The Black Book is a gigantic work. And, in the way that I suspect most readers might understand the term, there is no plot. Suffice it to say that Galip wakes up one morning and his wife has disappeared. He assumes she has gone off to seek out her first husband, Celal, a well-known newspaper columnist. Galip sets off to find Celal and, he assumes, his wife, but strangely the journalist has also disappeared. As a means to help him track down the two missing people, Galip immerses himself in Celal’s life, his writing and, gradually, his very identity. Effectively he becomes the person he is seeking. He re-reads his past work and discovers unknown things about his own, his wife’s and her former husband’s past. By then, however, we cannot be sure if we are dealing with reminiscences of Celal, Galip’s interpretations of them, Galip’s reworking of them, or, indeed, Galip’s own words presented as if they were those of Celal.

But the plot in The Black Book is almost irrelevant. It’s not a book that one reads to discover what happens. It’s a book that’s replete with flavour, experience and history, and the reader feasts on vast helpings of all three.

Byzantium, Constantinople, Istanbul – let’s face it, there is no other city on earth that has been named three times and where, on each occasion, that name has passed into language as an expression of political, strategic, religious and economic pre-eminence. It’s a city that bridges continents, ideologies and faiths. Nowhere else on earth has a greater claim to the very quintessence of humanity than Istanbul. And yet modern Istanbul is a Turkish city, and perhaps its most fascinating aspect is its potential to mirror contemporary debates on religion versus secularism, tradition versus modernity, imperial past versus global present.

The Black Book has thirty-six chapters, each having its own title and prefacing quotation. The form, at least in part, is its content, in that each chapter could be read as if it were an article written by Celal or by Galip impersonating Celal. There is no linear narrative. We experience what inspired the writer and there is no ordering of time or place. But we feel we are in that city. We feel we are living its history, whatever that might be. And we feel we are experiencing contemporary debates on its and its people’s identity. The city is central to everything in the book, with its multiple histories and allegiances mixed into the melting pot of its contemporary form.

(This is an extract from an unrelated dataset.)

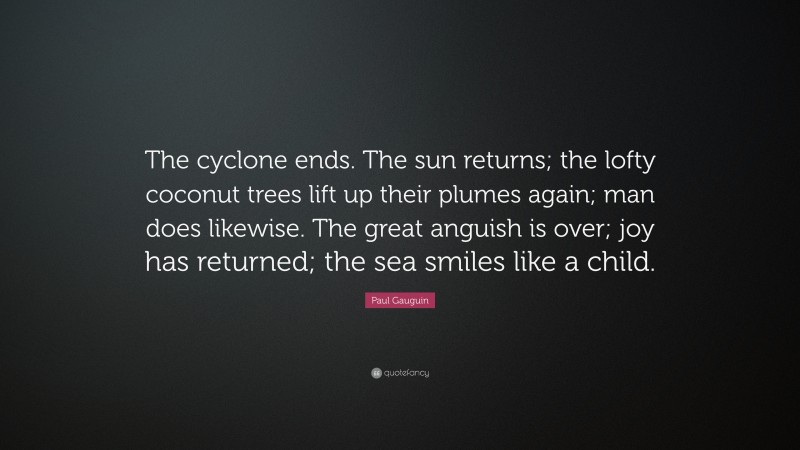 Paul Gauguin Quote: “The cyclone ends. The sun returns; the lofty coconut trees lift up their plumes again; man does likewise. The great anguish is over; joy has returned; the sea smiles like a child.”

Throughout, Galip finds he gradually becomes his quarry, Celal. He trades identities and roles, but never permanently, never for sure. In this way the characters become the city, whose sense of place and multiplicity of identities pervade all, thus mirroring the apparent confusion of its – and humanity’s – complexity. But the people eventually are always welcomed by some aspect of the city’s – and humanity’s – multi-faceted nature.

The Black Book is a work that demands to be re-read, but not because it is in any way a difficult or impenetrable read. I have never been to Istanbul, but like the book, I feel it will be an experience that, once tried, will demand to be re-visited.